**THE PROBLEM**: Every entry is to be returned unchanged, and no picture is to be included.
____ EXERCISE DATA
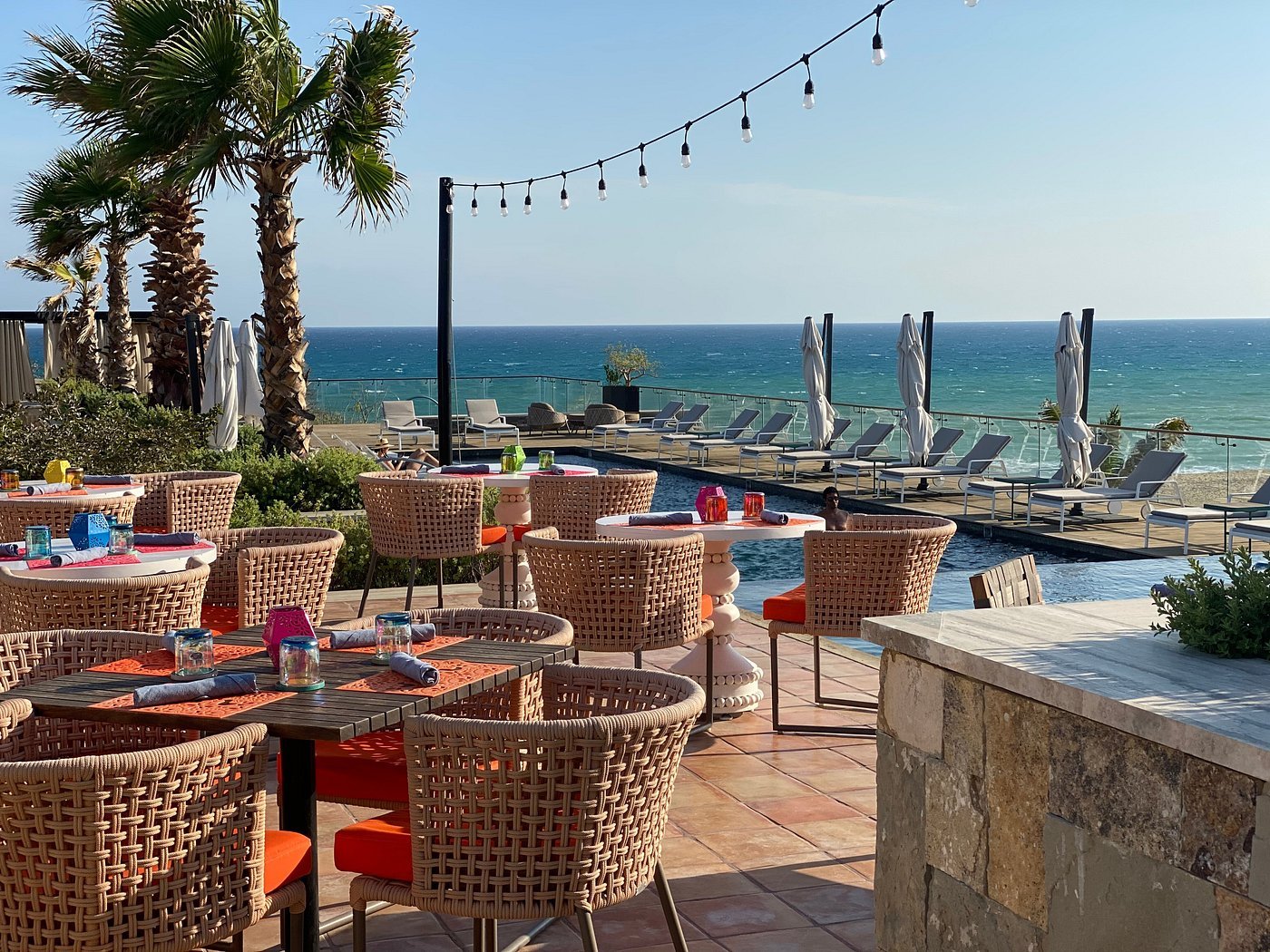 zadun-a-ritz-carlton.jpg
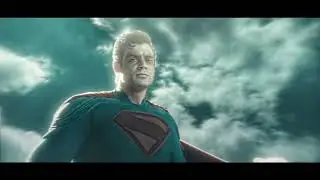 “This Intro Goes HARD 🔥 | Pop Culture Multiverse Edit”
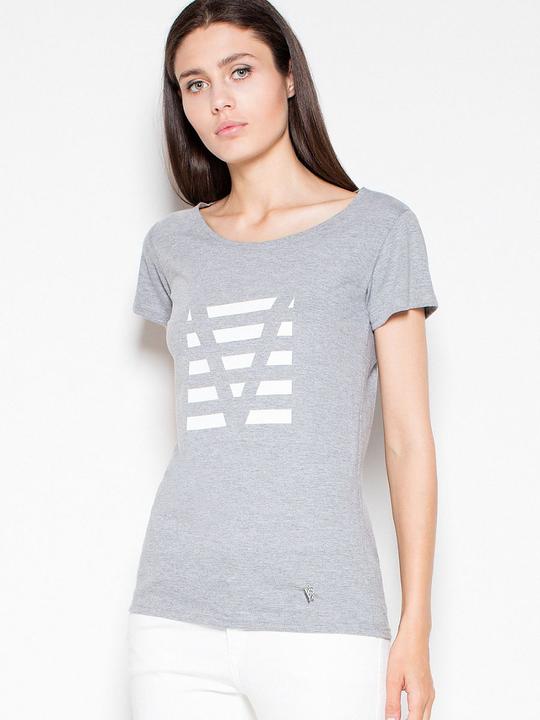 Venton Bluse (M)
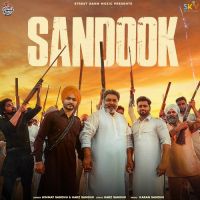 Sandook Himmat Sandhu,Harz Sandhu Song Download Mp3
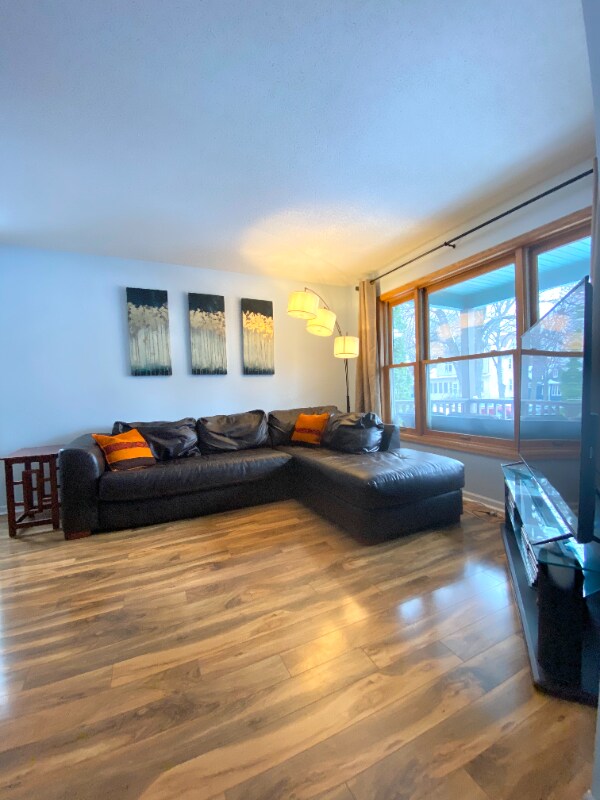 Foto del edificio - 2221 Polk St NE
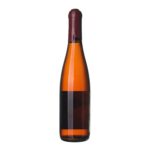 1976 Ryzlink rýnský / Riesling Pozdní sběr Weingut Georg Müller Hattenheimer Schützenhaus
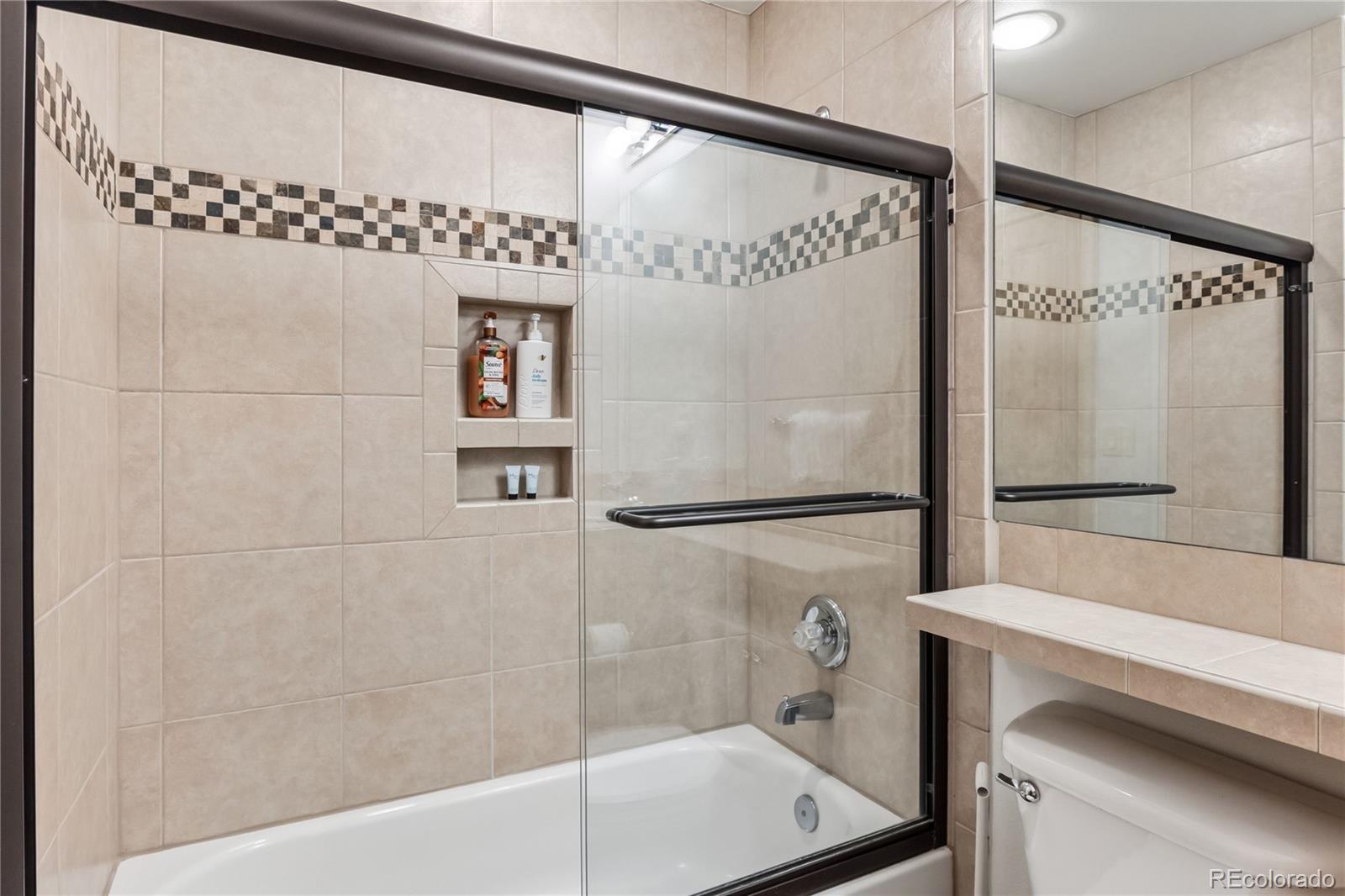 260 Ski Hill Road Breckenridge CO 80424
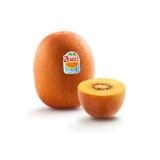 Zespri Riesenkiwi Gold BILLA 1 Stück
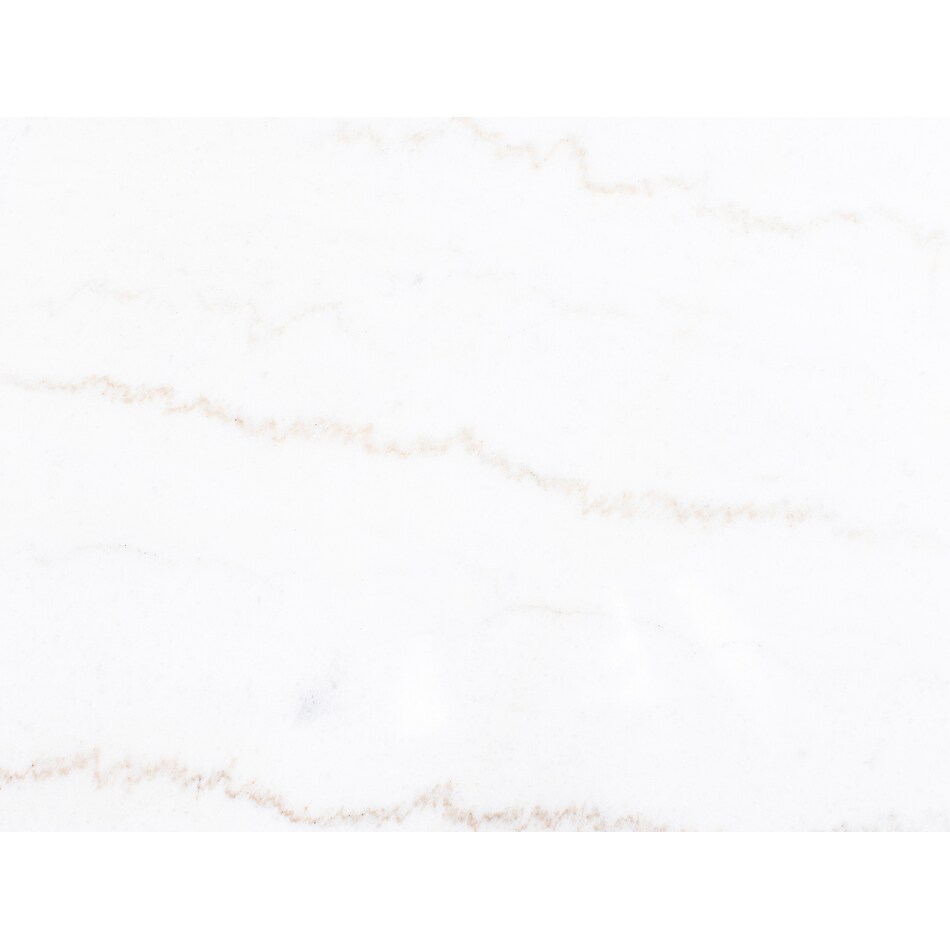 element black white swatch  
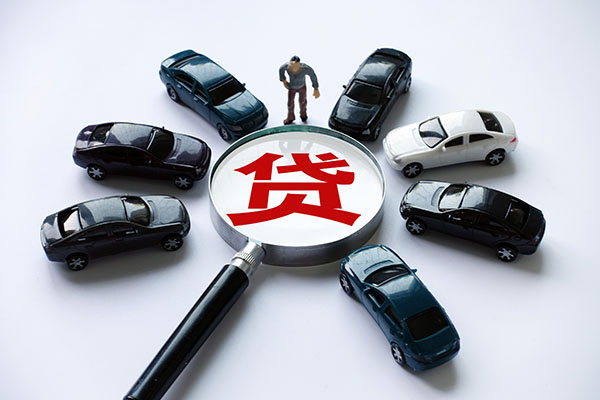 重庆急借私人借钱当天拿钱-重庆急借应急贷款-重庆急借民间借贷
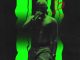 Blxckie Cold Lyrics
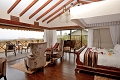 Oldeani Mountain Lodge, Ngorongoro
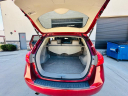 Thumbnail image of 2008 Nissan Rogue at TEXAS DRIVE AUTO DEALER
________
**OUTPUT FOR THIS EXERCISE**:
 zadun-a-ritz-carlton.jpg
 “This Intro Goes HARD 🔥 | Pop Culture Multiverse Edit”
 Venton Bluse (M)
 Sandook Himmat Sandhu,Harz Sandhu Song Download Mp3
 Foto del edificio - 2221 Polk St NE
 1976 Ryzlink rýnský / Riesling Pozdní sběr Weingut Georg Müller Hattenheimer Schützenhaus
 260 Ski Hill Road Breckenridge CO 80424
 Zespri Riesenkiwi Gold BILLA 1 Stück
 element black white swatch  
 重庆急借私人借钱当天拿钱-重庆急借应急贷款-重庆急借民间借贷
 Blxckie Cold Lyrics
 Oldeani Mountain Lodge, Ngorongoro
 Thumbnail image of 2008 Nissan Rogue at TEXAS DRIVE AUTO DEALER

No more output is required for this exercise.